Calculation with values previous row (generated by a formula) and current row

i am supposed to generate the last 4 columns (referring as result columns E to H) using the data from the first 4 columns (referring as data columns A to D).
The first row in the result column is copied from the first row of the data column.
The formulas for column 5 and 6 (grouped_create_date and grouped_id) is as below from excel.
Formula is cell E5 = =IF(AND(AND($C2=$C3,$D2=$D3),$A3-$E2<30),$E2,$A3)

Formula is cel E6 = =IF(AND(AND($C2=$C3,$D2=$D3),$A3-$E2<30),$F2,$B3)
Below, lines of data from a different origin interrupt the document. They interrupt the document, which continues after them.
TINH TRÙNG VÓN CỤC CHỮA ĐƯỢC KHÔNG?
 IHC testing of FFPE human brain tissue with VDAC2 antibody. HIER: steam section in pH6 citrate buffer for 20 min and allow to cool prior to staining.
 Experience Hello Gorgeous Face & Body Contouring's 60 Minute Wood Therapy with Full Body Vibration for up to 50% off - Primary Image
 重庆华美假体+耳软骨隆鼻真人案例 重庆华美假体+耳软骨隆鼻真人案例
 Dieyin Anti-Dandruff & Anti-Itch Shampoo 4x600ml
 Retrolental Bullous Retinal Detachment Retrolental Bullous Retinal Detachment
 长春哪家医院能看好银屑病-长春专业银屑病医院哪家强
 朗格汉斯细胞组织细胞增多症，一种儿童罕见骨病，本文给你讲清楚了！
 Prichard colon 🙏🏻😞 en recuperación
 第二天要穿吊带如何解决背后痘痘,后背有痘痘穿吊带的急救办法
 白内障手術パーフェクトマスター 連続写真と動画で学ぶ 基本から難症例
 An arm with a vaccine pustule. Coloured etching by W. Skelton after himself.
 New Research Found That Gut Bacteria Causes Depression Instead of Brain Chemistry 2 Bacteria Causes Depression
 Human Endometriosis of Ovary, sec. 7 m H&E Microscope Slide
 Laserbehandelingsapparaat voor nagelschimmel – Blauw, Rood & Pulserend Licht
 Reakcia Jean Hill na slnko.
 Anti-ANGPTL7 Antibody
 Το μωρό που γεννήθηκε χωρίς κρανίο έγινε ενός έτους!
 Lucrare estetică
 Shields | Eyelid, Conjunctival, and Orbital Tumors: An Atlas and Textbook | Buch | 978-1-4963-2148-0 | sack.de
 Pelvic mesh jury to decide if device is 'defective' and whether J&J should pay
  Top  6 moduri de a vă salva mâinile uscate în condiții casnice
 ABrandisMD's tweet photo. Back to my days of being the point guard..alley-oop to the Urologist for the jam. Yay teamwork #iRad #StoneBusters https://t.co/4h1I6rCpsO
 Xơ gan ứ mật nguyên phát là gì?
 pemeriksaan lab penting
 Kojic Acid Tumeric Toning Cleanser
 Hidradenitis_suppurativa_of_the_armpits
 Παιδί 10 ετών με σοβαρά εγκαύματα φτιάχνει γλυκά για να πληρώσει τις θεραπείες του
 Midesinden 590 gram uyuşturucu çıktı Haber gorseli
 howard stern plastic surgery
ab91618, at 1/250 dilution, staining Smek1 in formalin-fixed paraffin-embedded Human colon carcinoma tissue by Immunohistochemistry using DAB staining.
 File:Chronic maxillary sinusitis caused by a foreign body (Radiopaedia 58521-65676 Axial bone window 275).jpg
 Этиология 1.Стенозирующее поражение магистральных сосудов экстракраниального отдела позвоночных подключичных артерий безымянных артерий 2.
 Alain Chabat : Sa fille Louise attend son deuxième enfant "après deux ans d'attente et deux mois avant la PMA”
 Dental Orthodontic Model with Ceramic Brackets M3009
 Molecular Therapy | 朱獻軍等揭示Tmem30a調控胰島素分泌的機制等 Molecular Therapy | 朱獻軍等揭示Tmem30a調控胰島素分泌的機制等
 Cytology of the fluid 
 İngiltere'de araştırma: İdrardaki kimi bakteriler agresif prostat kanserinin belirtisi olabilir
Cell E(n) and Cell F(n) is a copy from Cell C(n) and Cell D(n).

Data is as below.

create_date id accountid country grouped_create_date grouped_id accountid country
6/2/2016 OPP1 A1 Australia 6/2/2016 OPP1 A1 Australia
5/25/2017 OPP2 A1 Australia 5/25/2017 OPP2 A1 Australia
5/26/2017 OPP3 A1 Australia 5/25/2017 OPP2 A1 Australia
5/26/2017 OPP4 A1 Australia 5/25/2017 OPP2 A1 Australia
9/22/2017 OPP5 A2 Netherlands 9/22/2017 OPP5 A2 Netherlands
9/22/2017 OPP6 A2 Netherlands 9/22/2017 OPP5 A2 Netherlands
12/27/2017 OPP7 A2 Netherlands 12/27/2017 OPP7 A2 Netherlands
2/16/2016 OPP8 A3 China 2/16/2016 OPP8 A3 China
2/17/2016 OPP9 A3 China 2/16/2016 OPP8 A3 China
3/14/2016 OPP10 A3 China 2/16/2016 OPP8 A3 China
4/11/2016 OPP11 A3 China 4/11/2016 OPP11 A3 China
4/25/2016 OPP12 A3 China 4/11/2016 OPP11 A3 China
6/2/2016 OPP13 A3 China 6/2/2016 OPP13 A3 China
3/2/2016 OPP14 A4 Australia 3/2/2016 OPP14 A4 Australia
3/2/2016 OPP15 A4 Australia 3/2/2016 OPP14 A4 Australia
3/16/2016 OPP16 A4 Australia 3/2/2016 OPP14 A4 Australia
5/19/2016 OPP17 A4 Australia 5/19/2016 OPP17 A4 Australia
6/24/2016 OPP18 A4 Australia 6/24/2016 OPP18 A4 Australia

I am able to use the lag column and rule engine node. To generate the nth row in the result column (5 and 6), how do I store the variables from (n-1)th row so that I can use in the formula above?

I saw a post on Java snippet variable (understood that to be a substitute of lag column). Saw on recursive loop but I am not sure how to apply here.

Appreciate your time.

Thanks,
Shalini

Hi,

To get data from the rows (N) and (N+1) into the same row, you only need Moving Aggregation node with appropriate settings - see attached workflow. Then you are able to apply any rule/math operation.

Martin K.

image

Moving_Aggregation.knwf (3.7 KB)

2 Likes

Hi @shalinirs,

If I understood your problem correctly, you can either calculate the values using the current and the previous row values (which is a bit tricky to do, but possible, so please let me know if another option doesn’t work for you for some reason) or using the current row and the next row values.

For example in your formula you’re using the values from the current row (C2, D2…) and from the next row (D3, A3…).

In the latter case you can use the Lag Column node with step = 1 or as @Martin_K suggested, the Moving Aggregation node with window length = 2, Forward window type and the “Last” aggregation method.

Best,
Anna

1 Like

Hi,

I tried the moving aggregation node. However, I needed to calculate the values in Column 5 (grouped_create_date) for every row taking values from the current and previous row (which I did through the Lag column) and taking the result from previous row in Column 5.
I managed to do with a python node that iterates over a pandas dataframe and updates the values for the result column depending on the current and previous row value.